Sunday, June 2, 2013

Day 1: Person you’d most like to drink with


He disliked bars and bodegas. A clean, well-lighted café was a very different thing.
“A Clean, Well-Lighted Place”  - Ernest Hemmingway

“You should have killed yourself last week,” the waiter loudly articulates, assuming me deaf. I attempt to find the appropriate gesture.  The appropriate finger.  But the youthful azure of his eyes distracts me. I select certain words instead.  “A little more.” 

The waiter responds with a sloppy pour and sour countenance.  “Thank you.”  He snatches the bottle from my table like a jealous, greedy child and joins the older waiter who had been slowly, fluidly wiping down the bar.  They sit together at the small two top close to the wall.  The door frames them like a painting. A work of art juxtaposing frantic youth and rusted age.  I return to my thoughts. 

It is very late and I have the café to myself, save for the occasional couple meandering down the sidewalk, holding hands and stealing kisses.  The dust of the day has melted into a dew of darkness.  The only moon is the electric light dangling from a weak wire.  My table is an island in a still sea of the terrace. I take a deep breath, exhale, and sip. 

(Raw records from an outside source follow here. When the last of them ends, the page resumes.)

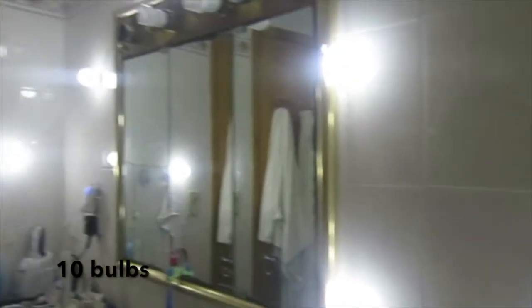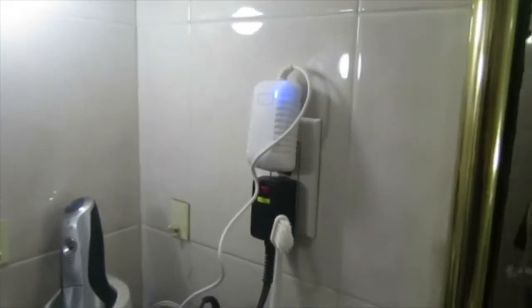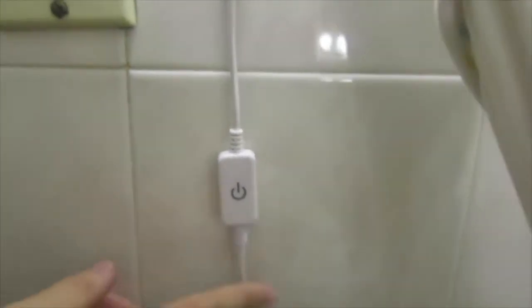Today we will be reviewing the Ahsoka Hollywood Style Vanity Mirror Light Set. It is a set of ten light bulbs, all of which are connected by a single cord. It has three distinct parts: the lights themselves, the switch, and a plug to the outlet.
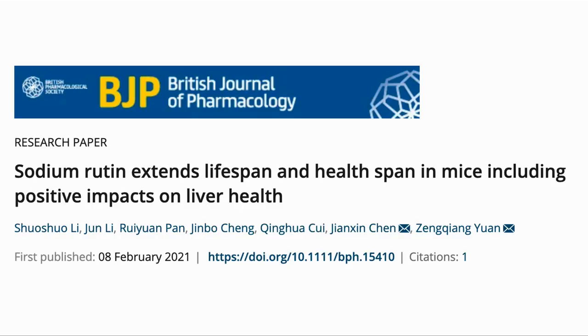Here is the paper. The plant-based compound is rutin. In this study, they used the sodium salt, which they found to extend lifespan and healthspan in mice, including positive impacts on liver health.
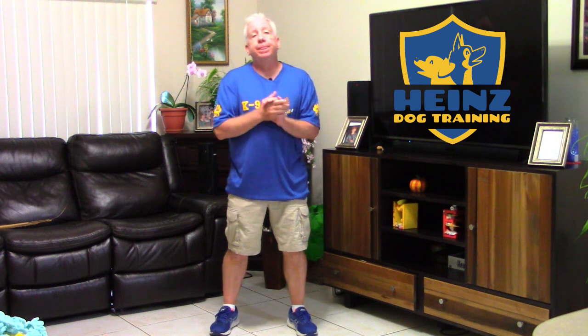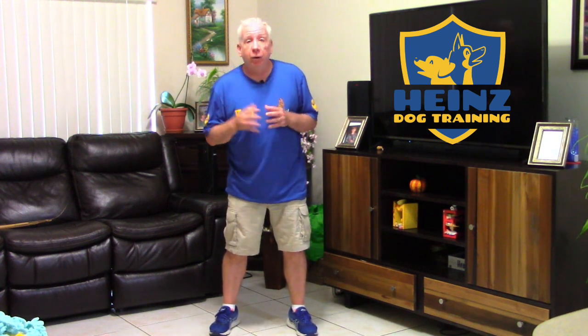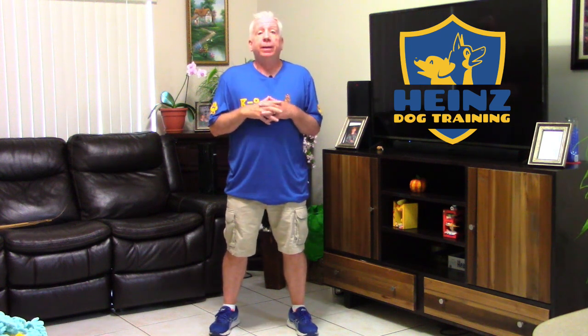I'm Richard Hines and welcome to the Bark and Hold, or Revere as we call it, instructional video.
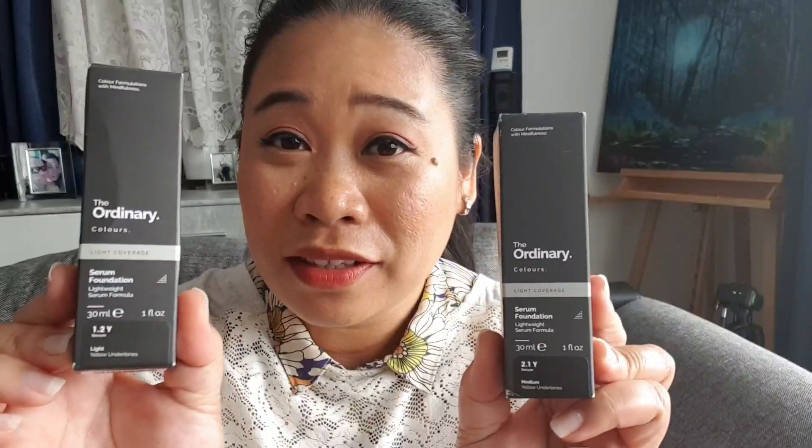Hello guys, welcome back to my channel. This is Josie here, and on today's video I'd like to talk to you about the foundation I really love using, especially on summer days when it is so warm, so sticky, and you still want to pamper yourself and beautify yourself but don't want that heavy, sticky feeling.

The brandy warms my throat and stomach.  I hear the words my niece spoke in sharp tones earlier today. “You have years, booze, and a bank account.  She is gone. You are a sad old man,” her amber gaze never breaks its contact with mine.   “You have nothing.”

“You have youth, confidence, and your family,” I said aloud to no one.  “You have everything.”  My head swims, buzzed by the saucers of this café.  I look to the portrait of waiters.  “Another.”  The young waiter walks over stiffly but quickly.  “No.  Finished.” 

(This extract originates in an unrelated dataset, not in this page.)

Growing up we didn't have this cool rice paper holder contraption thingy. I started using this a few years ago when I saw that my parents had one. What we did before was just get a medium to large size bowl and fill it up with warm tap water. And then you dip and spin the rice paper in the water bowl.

It wasn’t quite 2:00 yet, was it?  “Another brandy.”  He responds, speaking to me in a way usually reserved for small children or invalids.  “No more tonight.  Close now.”  He is resolute, and I am not looking for a fight.  I nod, and he walks away.  I count the saucers. Three, four, five… and take out my worn leather wallet.  The creased and yellowed photograph of her halted my progress.  Her feet in the sand and one hand on her swimsuit.  I recite the prayer of my pen:  “Time take me back there.”

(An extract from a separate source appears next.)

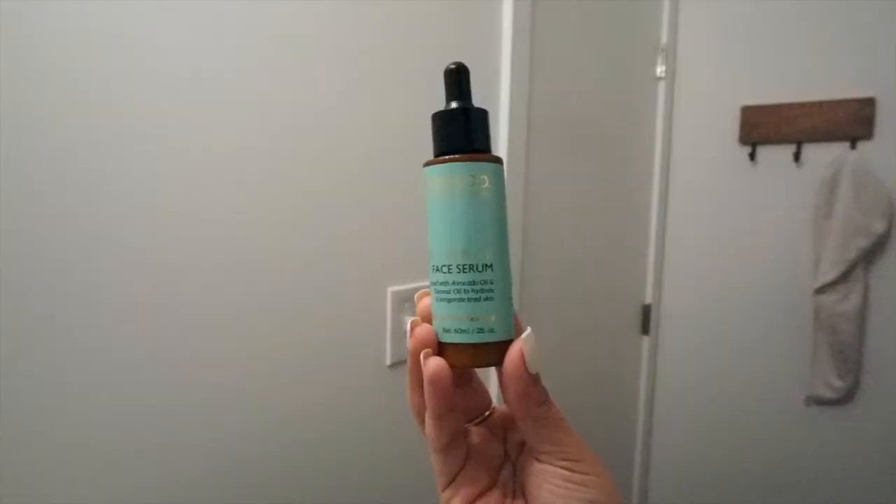Next I'm going to follow up with the Rata & Co Chia Seed Oil Base Serum. You guys have seen this in my previous skincare routine videos — it's still one of my favorites. I just take a couple of drops and place it onto my skin.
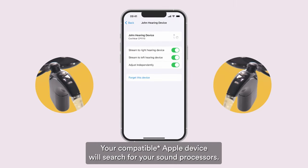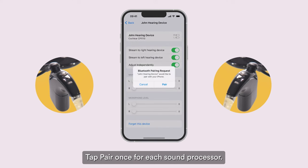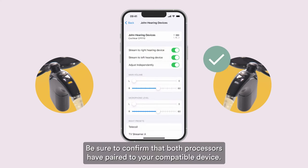Then turn both processors on again. Your compatible Apple device will search for your sound processors. Tap Pair once for each sound processor. Be sure to confirm that both processors have paired to your compatible device.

I should have killed myself last week.  I have never had confidence, and I am not young.  I pay for the drinks and leave half a peseta tip.  The older waiter has returned to wiping down the bar, menial work but he does it with dignity.  I straighten my posture and head into the darkness of the streets.  Now, trying not to think, I will go home to my room.  I will lie in my bed and hope for dreams of her in sunlight.